Ancora più grave la situazione per l'olio di oliva con il Consiglio Oleicolo Internazionale (Coi) che ha stimato un calo della produzione mondiale «addirittura del 19% per circa 2,56 milioni di tonnellate, per effetto anche del dimezzamento dei raccolti in Spagna che con un quantitativo di meno di un milione di tonnellate mantiene il primato mondiale davanti l'Italia che è però insidiata dalla Grecia».
LA MANO DELL'EUROPA SULLA PASTA. Secondo Coldiretti è allarme anche per la produzione italiana di pasta a causa dell'eccessiva dipendenza dell'industria nazionale per l'acquisto di grano duro dall'estero da dove arriva circa il 40% del fabbisogno perché non si è avuta la lungimiranza d'investire sull'agricoltura nazionale.

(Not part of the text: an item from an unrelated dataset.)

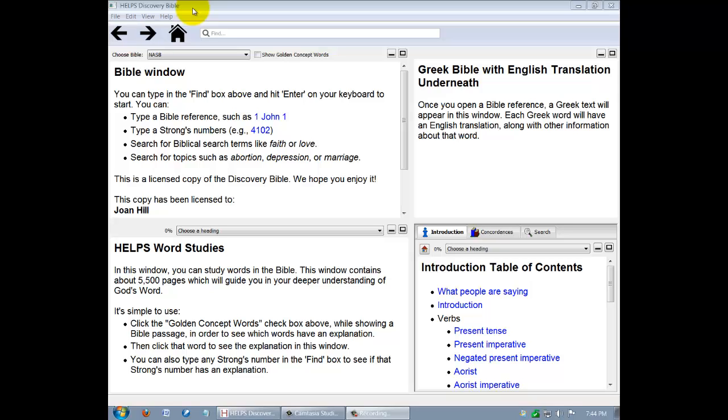Welcome. This is a brief tutorial about the mechanics of using the Digital Discovery Bible program. Let's get started taking a look at how to use this software.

Se in Italia i raccolti di frumento duro hanno subito una leggera flessione (-4%), un calo consistente del 10% si è verificato nell'Unione Europea e un vero e proprio crollo del 27% si è registrato in Canada che è il principale fornitore dell'Italia. Complessivamente secondo le stime dell'International Grains Council, la produzione mondiale dovrebbe attestarsi sui 34 milioni di tonnellate (-15%). 

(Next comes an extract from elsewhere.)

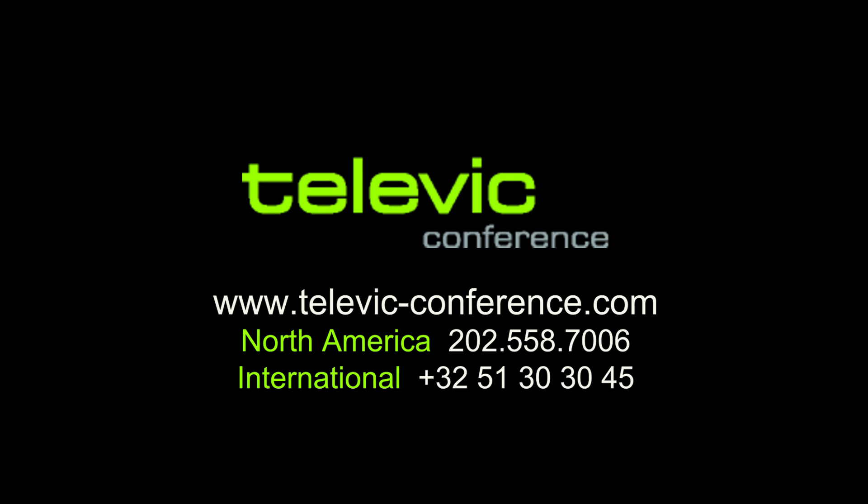For more information visit www.televic-conference.com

MALE ANCHE IL POMODORO DA CONSERVA. Anche per il raccolto nazionale di pomodoro da conserva per preparare polpe, passate e pelati da condimento si è registrato un calo delle rese per ettaro e la produzione è rimasta in linea con la media stagionale degli ultimi cinque anni solo perché si è registrato un aumento delle superfici coltivate. Cattive notizie anche sul fronte dell'ortofrutta. Se per alcune varietà le raccolte rimangono ancora da completare o non sono ancora partite (mele, pere, uva da tavola, kiwi, agrumi), si stima «un calo della produzione complessiva rispetto al 2013».

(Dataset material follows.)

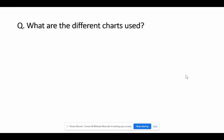Now comes the next question, which could be more specific — asking what were the different types of charts that you used in that particular project. The interviewer wants to understand your level of knowledge in choosing the right charts for specific requirements.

MINIMO STORICO PER LE CASTAGNE. «E per le castagne siamo addirittura al minimo storico con una produzione nazionale ben al di sotto dei 18 milioni di chili registrati lo scorso anno e pari a appena 1/3 di quella di 10 anni fa». 
Gli effetti del crollo produttivo si fanno sentire tavola dove gli italiani sono i principali consumatori di pasta a livello mondiale con una media per persona di 26 chili all'anno, una quantità che è tre volte superiore a quella di uno statunitense, di un greco o di un francese, cinque volte superiore a quella di un tedesco o di uno spagnolo e sedici volte superiore a quella di un giapponese. Ma gli italiani hanno fatto registrare acquisti da primato anche per il vino (38 litri a persona all'anno) per l'olio di oliva (12 chili a persona all'anno) e per i pomodori trasformati con circa 35 chili per persona all'anno.